How to make /dev inside linux namespaces

lynx

AFAIK the container terminology, what I'm essentially trying to accomplish is to write my own "container runtime".

What I'm doing:

user@host:~$ mkdir test
user@host:~$ cd test
user@host:~/test$ mkdir dev
user@host:~/test$ mkdir proc
user@host:~/test$ echo 1 |sudo tee /proc/sys/kernel/unprivileged_userns_clone
user@host:~$ unshare --ipc --mount --net --pid --uts --cgroup --user \
  --map-root-user --fork bash
root@host:~/test# mount none -t tmpfs dev/
root@host:~/test# touch dev/zero
root@host:~/test# mount /dev/zero -o bind dev/zero
root@host:~/test# echo 1 > dev/zero
bash: dev/zero: Permission denied
root@host:~/test# ls -lah dev
total 4.0K
drwxrwxrwt 2 root   root      60 Sep  1 15:12 .
drwxr-xr-x 3 root   root    4.0K Sep  1 13:47 ..
crw-rw-rw- 1 nobody nogroup 1, 5 Sep  1 13:55 zero
root@host:~/test# mount # we are still looking at hosts /proc
<...>
none on /home/user/test/dev type tmpfs (rw,relatime,uid=1000,gid=1000)
udev on /home/user/test/dev/zero type devtmpfs (rw,nosuid,relatime,size=3921088k,nr_inodes=980272,mode=755)
root@host:~/test# mount none -t proc proc/
root@host:~/test# cat proc/mounts
<...>
none /home/user/test/dev tmpfs rw,relatime,uid=1000,gid=1000 0 0
udev /home/user/test/dev/zero devtmpfs rw,nosuid,relatime,size=3921088k,nr_inodes=980272,mode=755 0 0
none /home/user/test/proc proc rw,relatime 0 0

Echo-ing to dev/zero produces error. Can anybody enlighten me as to what I'm doing wrong?

I took the idea from dockers runc(libcontainer): https://github.com/docker/runc/blob/ae2948042b08ad3d6d13cd09f40a50ffff4fc688/libcontainer/rootfs_linux.go#L463

This question might be relevant: -bash: /dev/null: Permission denied

os: Debian buster kernel: 4.19.37

mosvy

Quick fix for your problem: mount the tmpfs with a mode= option (which sets the permissions of the root dir of the filesystem), and use a mode without either the sticky bit (01000) or the write permission for others (002) -- which are both on by default:

root@host:~/test# mount -o mode=0755 -t tmpfs none dev/

You're not losing anything; having the /dev directory inside your container sticky writable by everybody wasn't a good idea in the first place (it would be interesting to know if docker is doing that, too ;-))

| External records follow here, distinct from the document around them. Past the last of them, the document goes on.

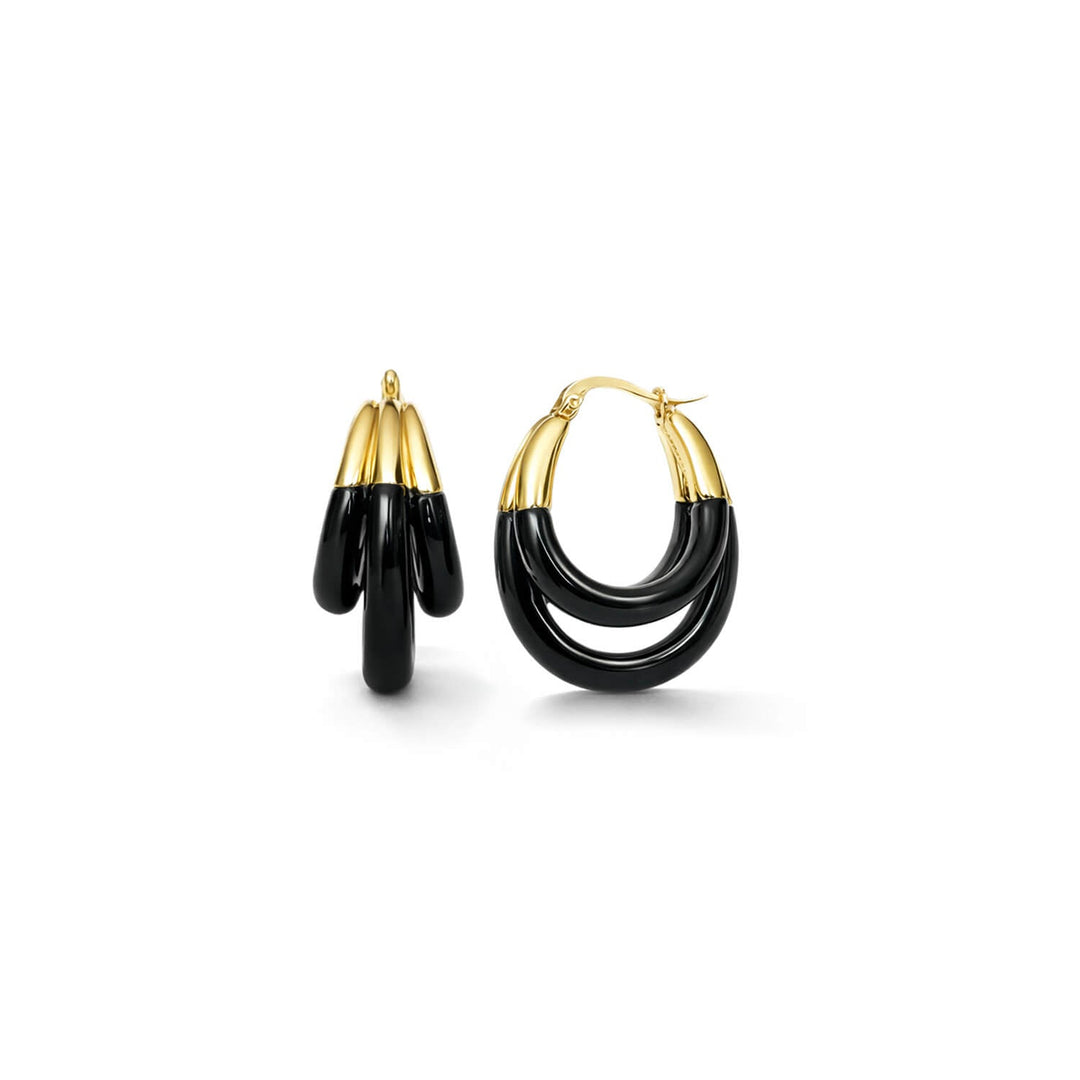 Triple hoop lucite earrings in black with gold top caps and double hoops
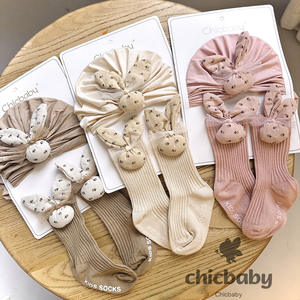 Venta al por mayor OEM bebé Fetal sombrero conjunto Primavera Verano diversión calcetines dibujos animados recién nacido bebé sombrero Beanie calcetines conjunto - Product Image 5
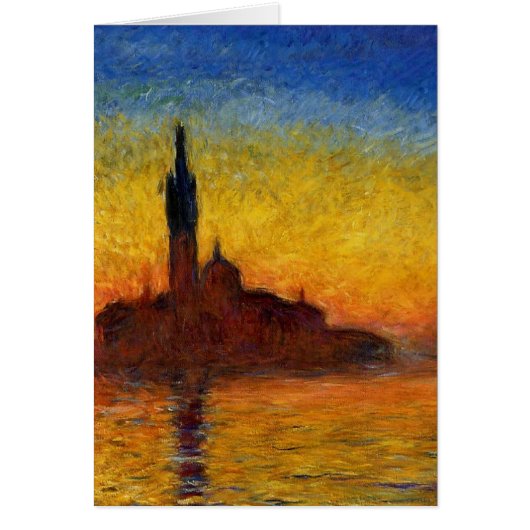 Monet Sunset Venice Colorful Impressionism Art Cards (Front)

This happens because of the tmpfs mount inside the user namespace: the kernel sets the owner of the root dir of the tmpfs filesystem from the untranslated credentials of the process doing the mount (thence the uid=1000,gid=1000 in the mount(1) output), and its permissions to the default 01777 (rwx for everybody + the sticky bit).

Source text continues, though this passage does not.